Asia Avia Airlines
| IATA | ICAO | Call sign |
| — | AVT | Asiavia |
- Founded: 2003
- Commenced operations: 2003
- Ceased operations: 2006
- Operating bases: Polonia International Airport, Medan, Indonesia
- Fleet size: Two Fokker F27 Friendships
- Destinations: Malacca; Pekan Baru; Jambi;
- Parent company: PT Asia Avia Megamata
- Headquarters: Jakarta, Indonesia

= Asia Avia Airlines =

Airline based in Jakarta, Indonesia

Asia Avia Airlines (Asia Avia Megatama P.T.) was an airline based in Jakarta, Indonesia.
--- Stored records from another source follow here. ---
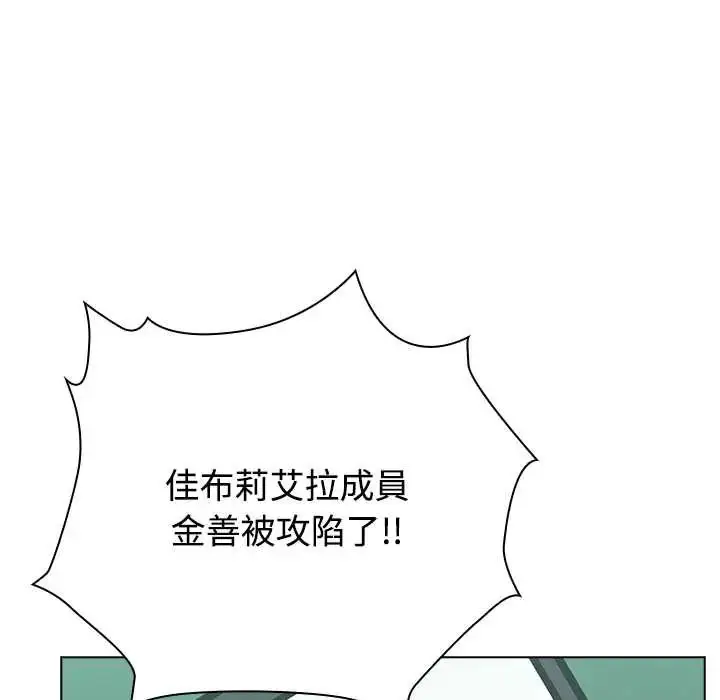 漫画《男以稀为贵》第7话第199张图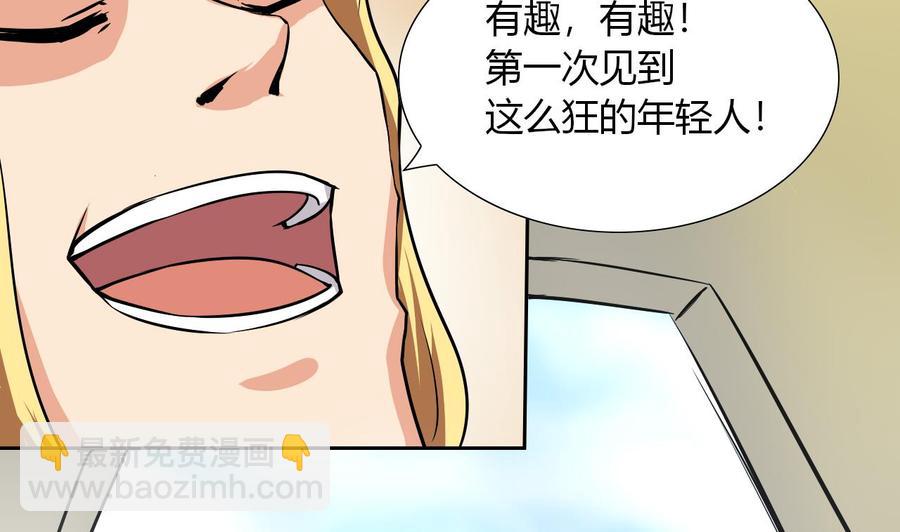 《他是龙傲天》第115话 我叫商夜 第43页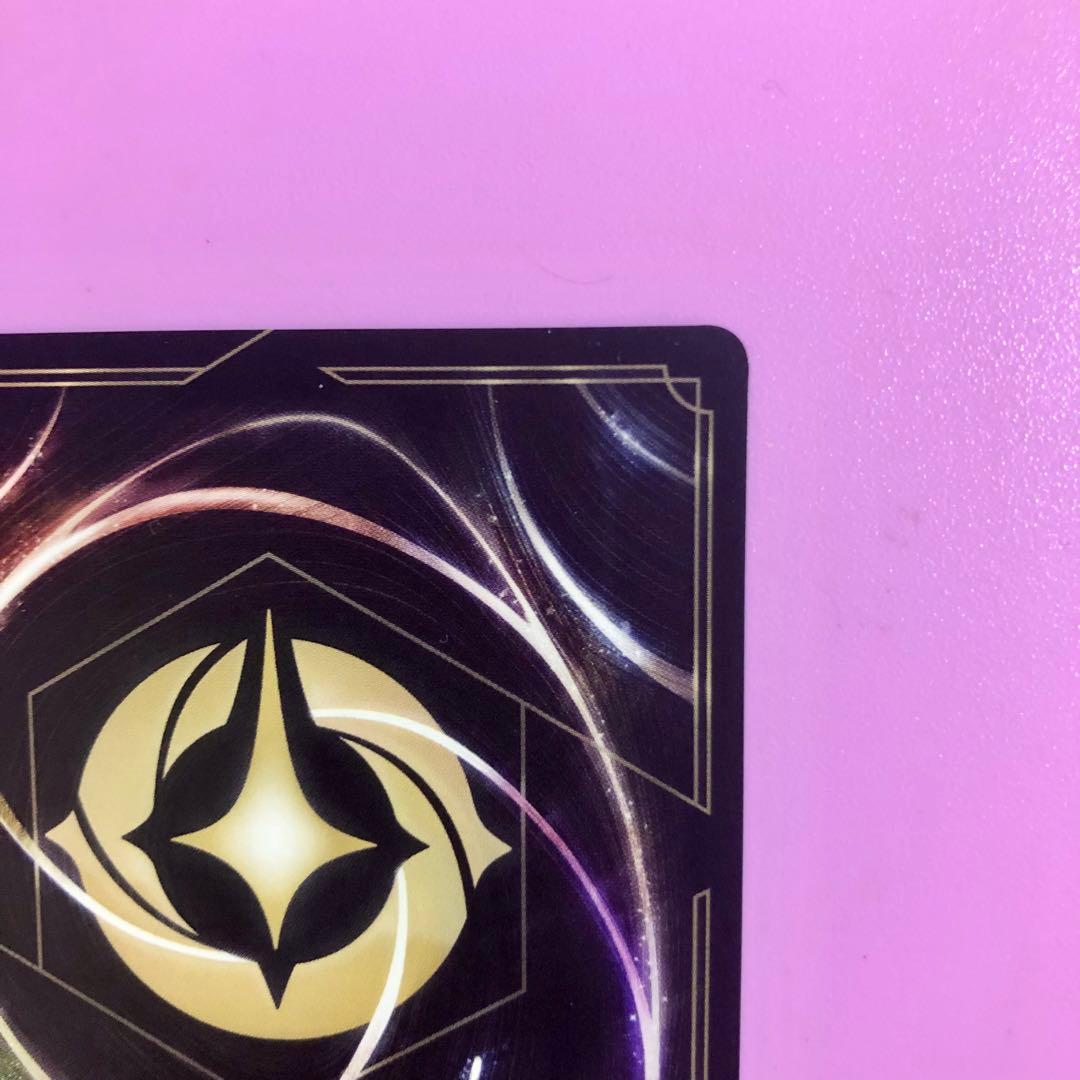 れ*い様 希少！ラプンツェル　 プロモ　ロルカナLorcana 英語版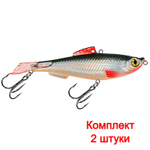 Балансир для рыбалки AQUA ТЮЛЬКА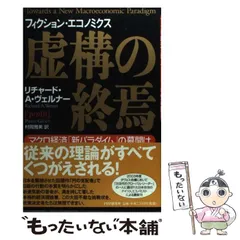 2025年最新】リチャード・Aヴェルナーの人気アイテム - メルカリ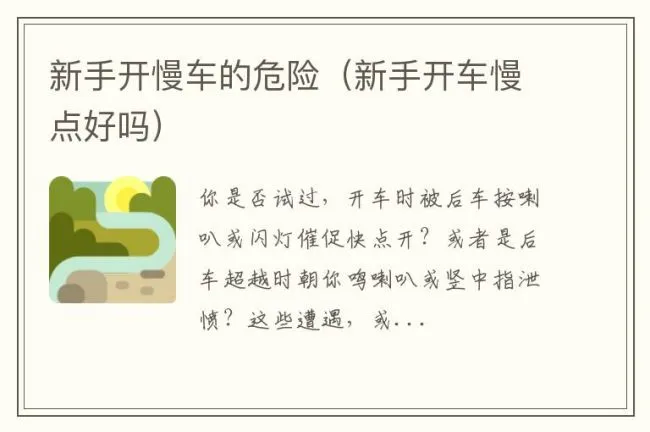 新手开慢车的危险（新手开车慢点好吗）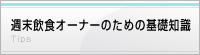 週末飲食オーナーのための基礎知識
It operated scheduled domestic passenger services from Malacca to Pekan Baru and Jambi, using a fleet of two Fokker F27 Friendship aircraft. Its main base was Polonia International Airport, Medan.

==Code data==
- ICAO code: AVT
- Callsign: ASIAVIA

==History==
Asia Avia Airlines was established and started operations in 2003. It was wholly owned by PT Asia Avia Megamata. In 2006, all flight operations were suspended and the licence was withdrawn. In February 2007, the Transportation Ministry delayed the license revocation of 11 idle airlines, including Asia Avia Airlines, to give restructuring opportunities to the operators, which did not materialize.